● EXTRACTED RECORDS:
Segment Open

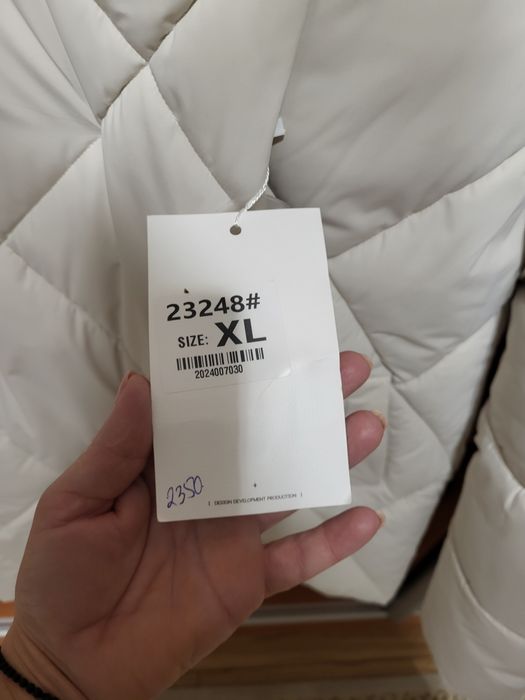 Зимній пуховик .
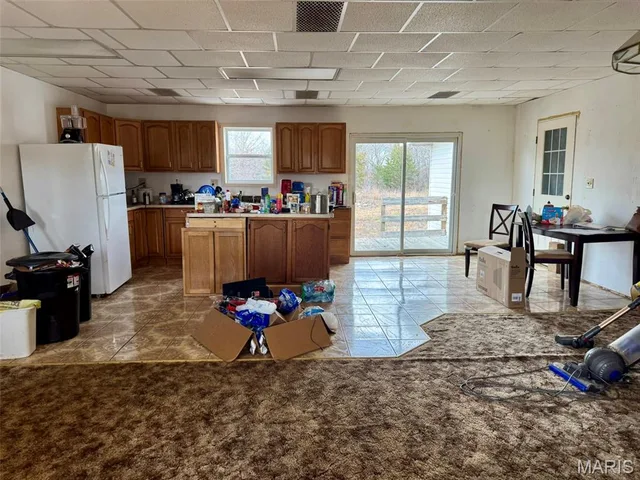 Living room — 12811 Highway 64 Lebanon Missouri real estate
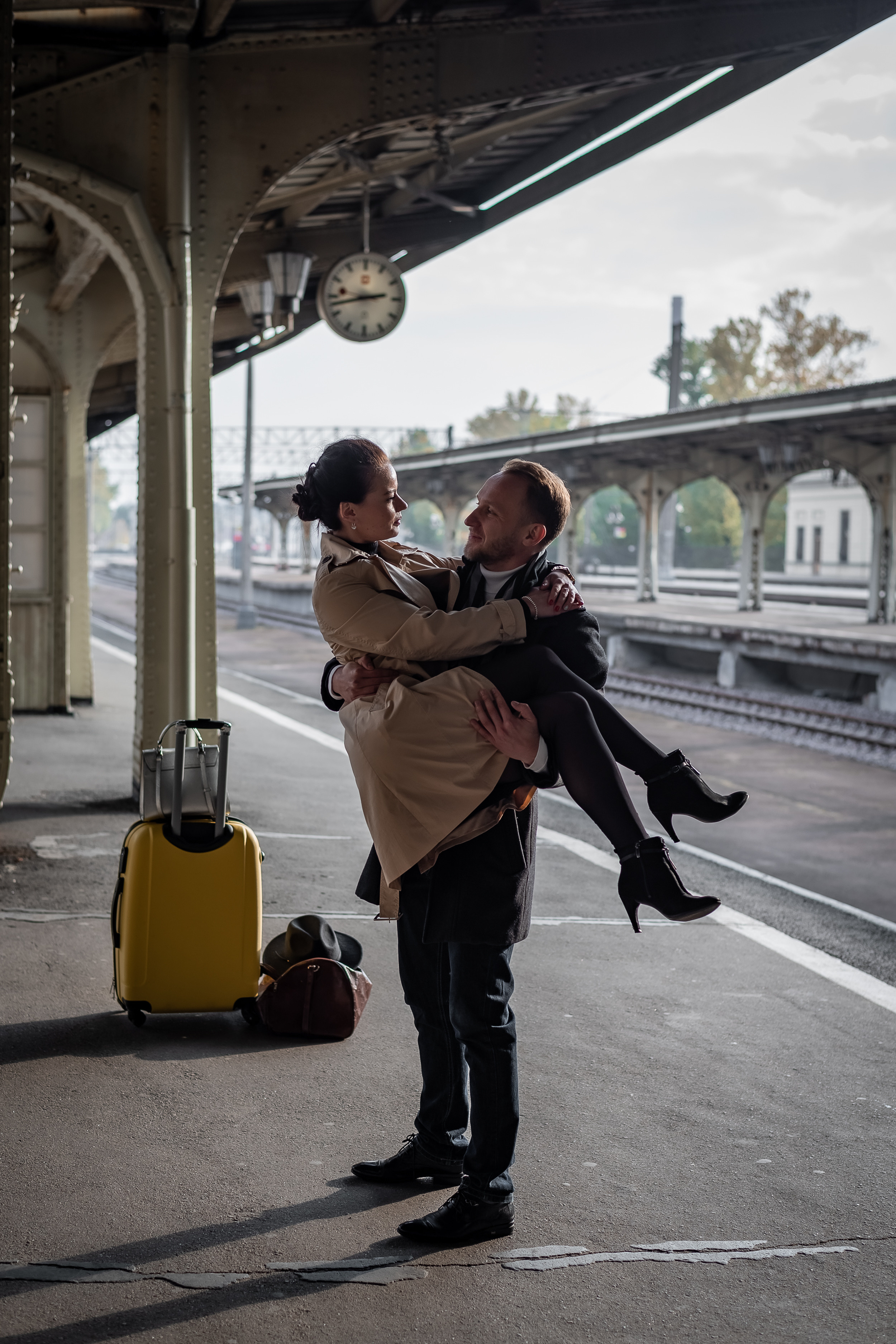 Love Story на Витебском вокзале. КОНТЕНТ |БРЕНД фотограф Санкт-Петербург — Жанна Олтаржевская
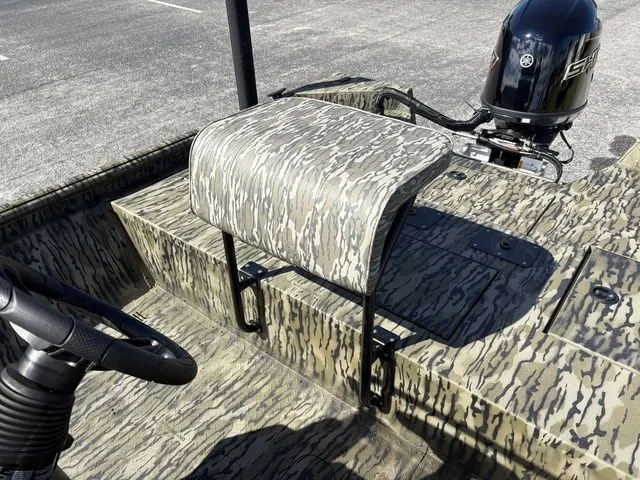 Slide: The Image of SeaArk Shadow 19 V Center Console 2026 - 7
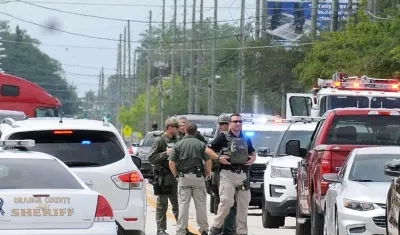 Policía monta guardia en localidad de Lakeland, Florida (EE.UU), después de un ataque armado.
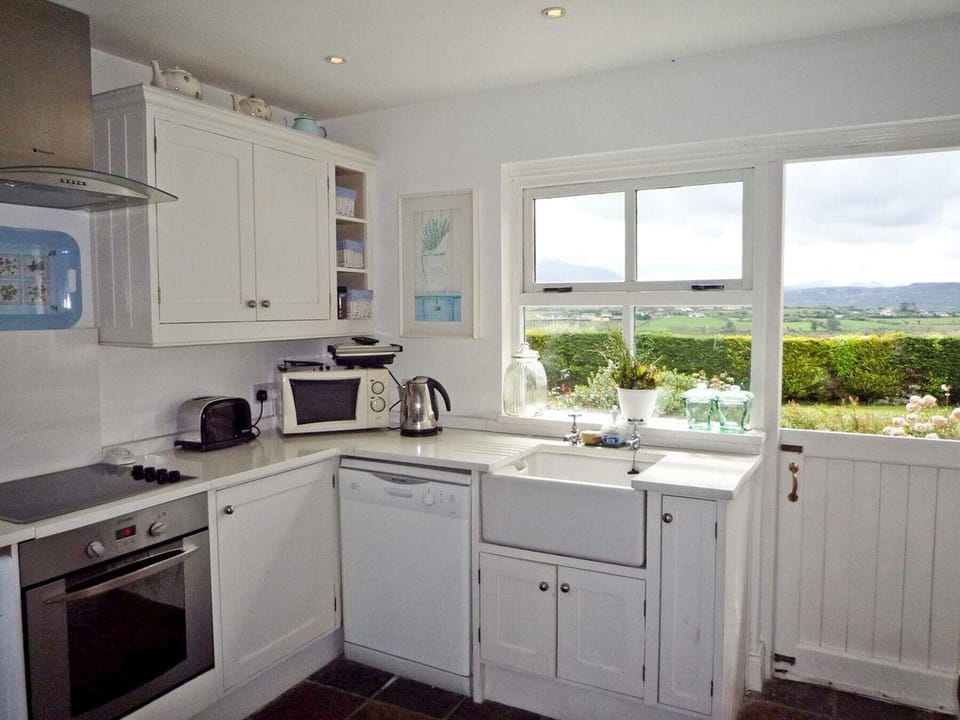Cottage, 3 Bedrooms, Fireplace | Private kitchen | Fridge, microwave, oven, electric kettle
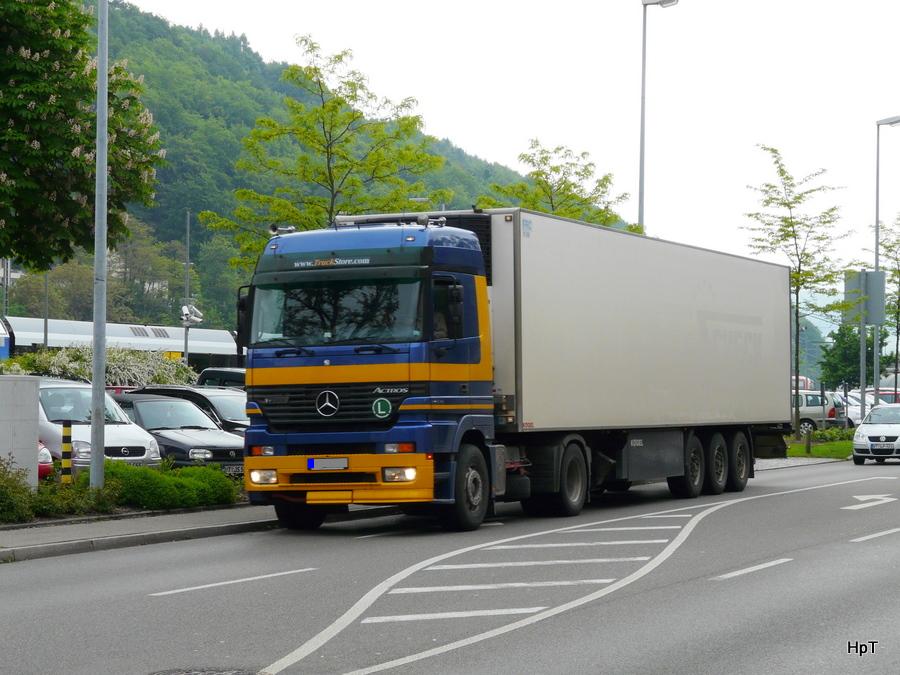 Mercedes Actros Satelschlepper unterwegs in Waldshut am 20.05.2010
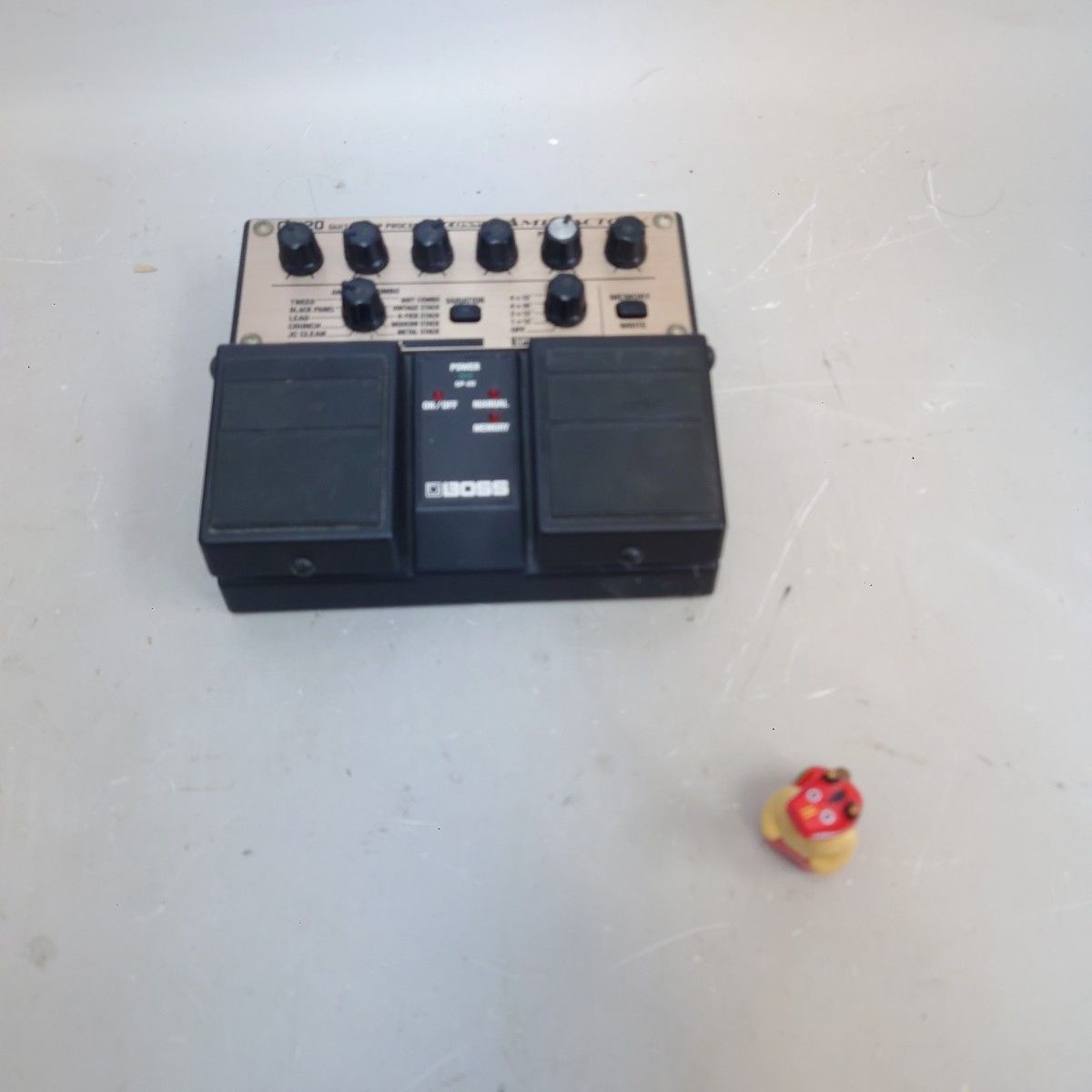 BOSS GP 20 Amp Factory 動作品 本体のみ ギターアンプモデラー エフェクター ボス z 2356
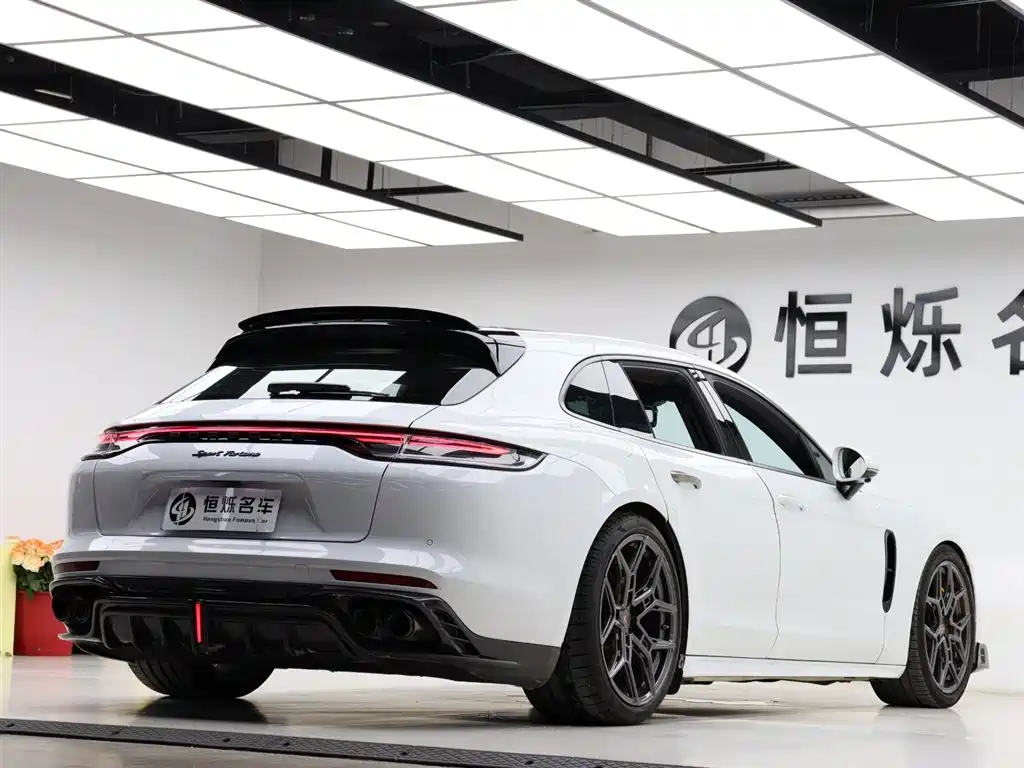 Porsche Panamera 2018 — фото 32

Segment Closed

● GOAL OF THE EXERCISE:
For the records above, output each one exactly and skip any image.

● EXERCISE RESULT:
 Зимній пуховик .
 Living room — 12811 Highway 64 Lebanon Missouri real estate
 Love Story на Витебском вокзале. КОНТЕНТ |БРЕНД фотограф Санкт-Петербург — Жанна Олтаржевская
 Slide: The Image of SeaArk Shadow 19 V Center Console 2026 - 7
 Policía monta guardia en localidad de Lakeland, Florida (EE.UU), después de un ataque armado.
Cottage, 3 Bedrooms, Fireplace | Private kitchen | Fridge, microwave, oven, electric kettle
 Mercedes Actros Satelschlepper unterwegs in Waldshut am 20.05.2010
 BOSS GP 20 Amp Factory 動作品 本体のみ ギターアンプモデラー エフェクター ボス z 2356
 Porsche Panamera 2018 — фото 32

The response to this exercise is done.